The projects would help Afghanistan to develop and keep the peace without outside assistance, he added. "The ministerial conference was a success," Wang told reporters at the end of the Fourth Ministerial Conference of the Istanbul Process on Afghanistan. The Istanbul Process - a key annual meeting on Afghanistan by high-level representatives from more than three-dozen countries and organisations - coincides with the end of new Afghan President Ashraf Ghani's four-day visit to Beijing.
Afghanistan is at a turning point as all Nato combat troops will depart the country by December, leaving Afghan troops and police to battle Taliban insurgents on their own. A residual force of around 12,000 soldiers will remain, focusing on counter-terrorism and training local forces. Afghan Foreign Minister Zarar Ahmad Osmani said that his country's 350,000-member army was poised to take control of the entire country. "Now 90 percent of Afghan territory is under the protection of the army," he said told reporters. "Next, it will take control of 100 percent of all regions."

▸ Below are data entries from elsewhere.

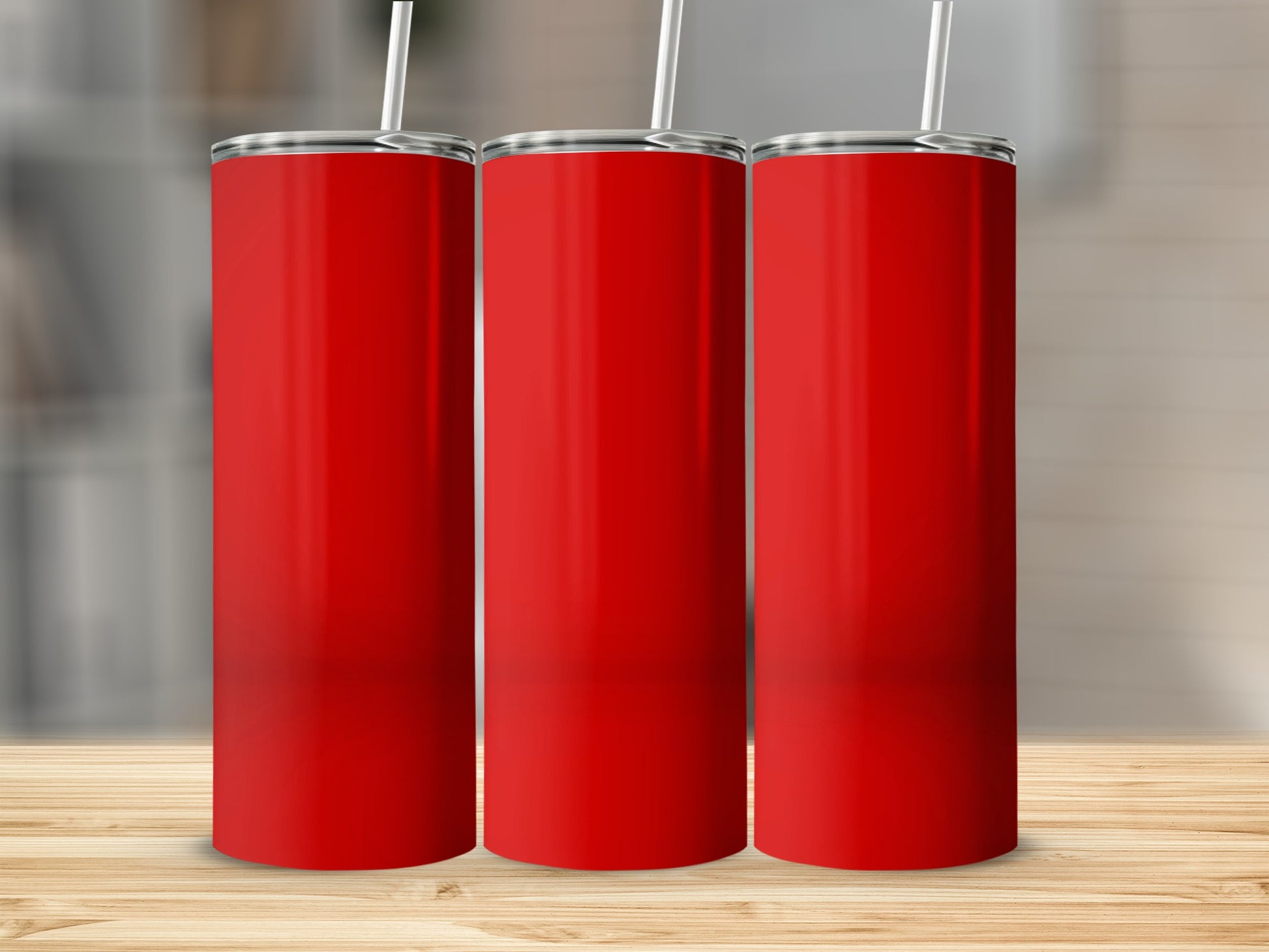 Three red tumblers with white straws stand on a wooden surface.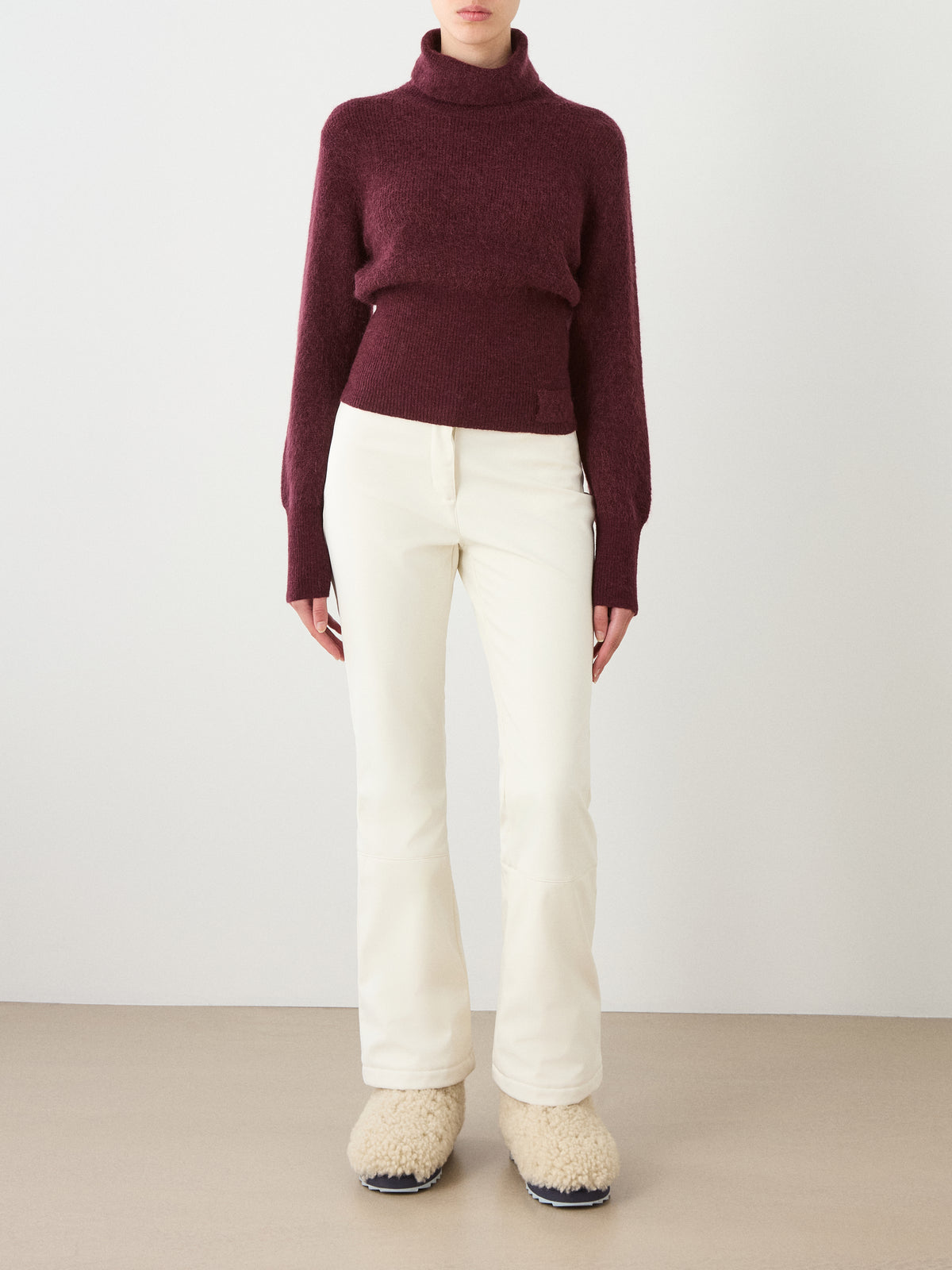 A person, head not visible, stands against a plain background wearing the We Norwegians Pudder Sweater Women in burgundy mohair yarn, paired with white pants and cream fuzzy slippers.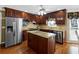 Kitchen boasts stainless appliances, wood cabinets, and center island with granite counters at 3227 Heritage Way, Buford, GA 30519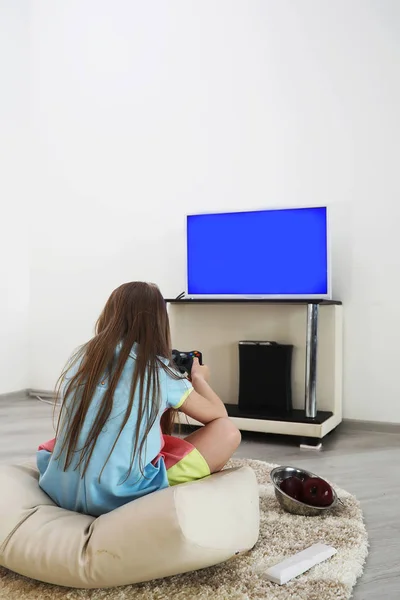 Młoda dziewczyna gry przed telewizorem — Zdjęcie stockowe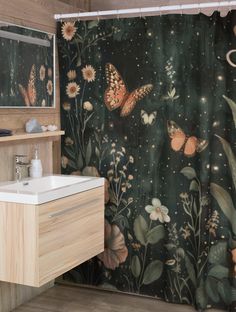 a bathroom with a shower curtain that has butterflies on it and flowers in the background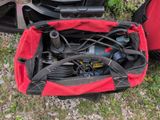 un sac rouge contenant des outils, posé par terre
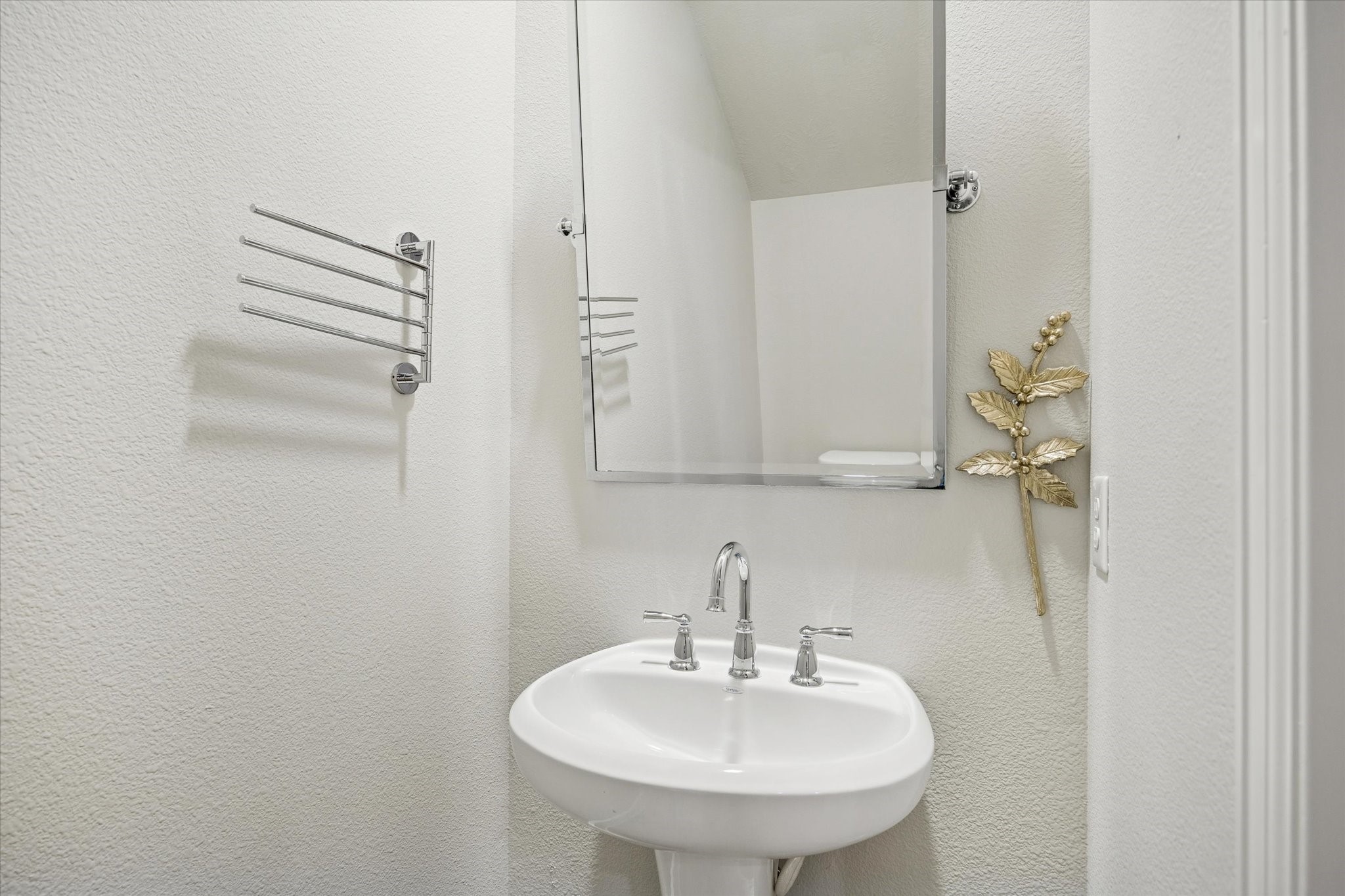 4014 Woodhead Street Houston, TX 77098 - Photo 22 of 37 a bathroom with a sink and a mirror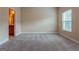 Spacious bedroom with natural light and carpet floors at 275 Autry Mill Ln, Suwanee, GA 30024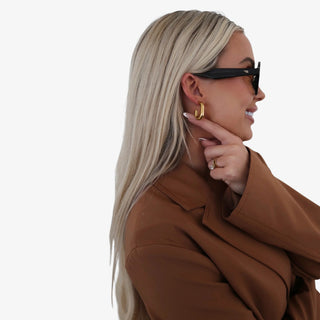 Small oval hoop earrings in 18K gold plated stainless steel with polished gold finish on neutral background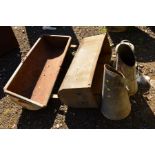 A COLLECTION OF GALVANISED ITEMS comprising of two pig troughs, chicken feeder and two milk jugs (
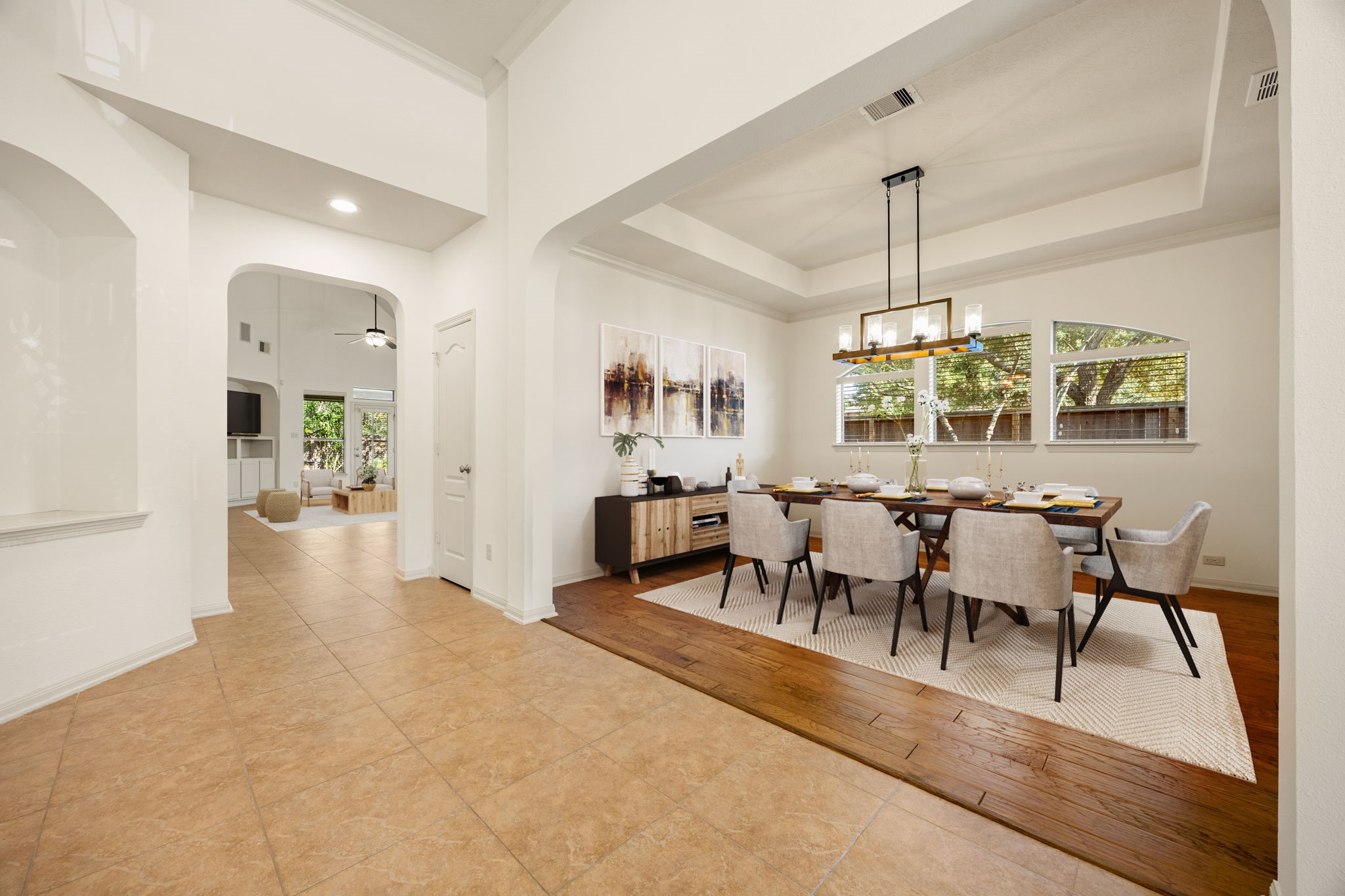 Positioned right off the foyer, the formal dining room boasts exceptional architectural detail, defined by rich engineered wood flooring that beautifully contrast with the home's main tile walkways. It also features tray ceiling, a modern chandelier, and a bank of windows that brightens this dining space. *Virtually Staged Positioned right off the foyer, the formal dining room boasts exceptional architectural detail, defined by rich engineered wood flooring that beautifully contrast with the home's main tile walkways. It also features tray ceiling, a modern chandelier, and a bank of windows that brightens this dining space. *Virtually Staged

China earlier this week pledged 1.5 billion yuan ($245 million) in aid to Afghanistan over the next three years, as well as greater support for Kabul in the struggle against "terrorist forces". Symbolising China's importance, Ghani chose as his first destination for a state visit the resource-hungry economic giant that is seeking greater investment opportunities in Afghanistan. "We look at China as a strategic partner, in the short term, medium term, long term and very long term," Ghani told President Xi Jinping at Beijing's Great Hall of the People on Tuesday.